Ainsi, le recourant a obtenu son autorisation d'exploiter un taxi de service public en qualité d'indépendant le 25 février 2010, alors que prévalait le régime transitoire précité. Le montant de la taxe unique de CHF 60'000.- qu'il a dû alors acquitter figurant directement dans la LTaxis, sa perception repose sur une base légale formelle et échappe ainsi à toute critique (ATA/734/2012 et ATA/735/2012 déjà cités).

Au vu de ce qui précède, le recours sera rejeté.
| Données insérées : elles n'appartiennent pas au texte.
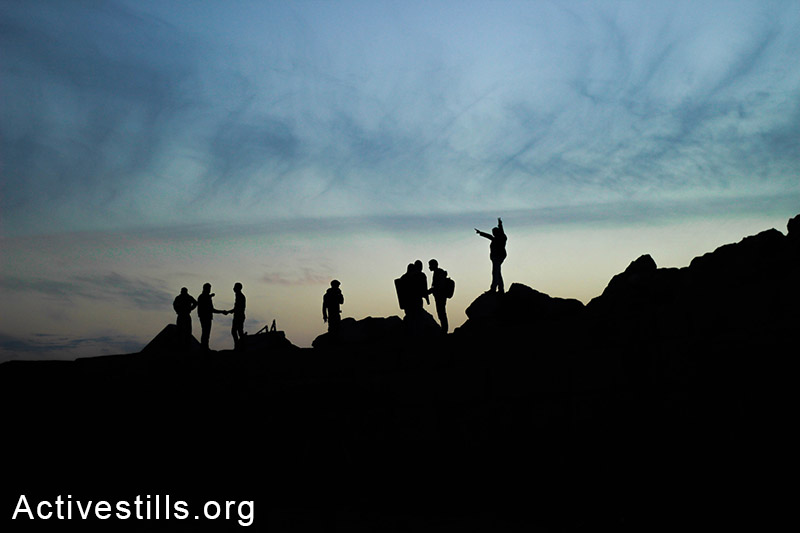 Young men stand on rocks during the sunset at Gaza seaport. (Basel Yazouri/Activestills.org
Un émolument de CHF 500.- sera mis à la charge du recourant et aucune indemnité de procédure ne lui sera allouée (art. 87 LPA).


* * * * *

PAR CES MOTIFS
LA CHAMBRE ADMINISTRATIVE

à la forme :

déclare recevable le recours interjeté le 28 mars 2012 par Monsieur R______ contre la décision du service du commerce du 28 février 2012 ;

au fond :

le rejette ;

met un émolument de CHF 500.- à la charge de Monsieur R______ ;

dit qu'il n'est pas alloué d'indemnité de procédure à Monsieur R______ ;

dit que, conformément aux art. 82 ss de la loi fédérale sur le Tribunal fédéral du 17 juin 2005 (LTF - RS 173.110), le présent arrêt peut être porté dans les trente jours qui suivent sa notification par-devant le Tribunal fédéral, par la voie du recours en matière de droit public ; le mémoire de recours doit indiquer les conclusions, motifs et moyens de preuve et porter la signature du recourant ou de son mandataire ; il doit être adressé au Tribunal fédéral, 1000 Lausanne 14, par voie postale ou par voie électronique aux conditions de l’art. 42 LTF. Le présent arrêt et les pièces en possession du recourant, invoquées comme moyens de preuve, doivent être joints à l’envoi ;

communique le présent arrêt à Me Yves Nidegger, avocat du recourant, ainsi qu'au service du commerce.

Siégeants : M. Thélin, président, Mmes Hurni et Junod, MM. Dumartheray et Verniory, juges

Au nom de la chambre administrative :

le greffier-juriste :

 

 

F. Scheffre

 

le président siégeant :

 

 

Ph. Thélin

 


Copie conforme de cet arrêt a été communiquée aux parties.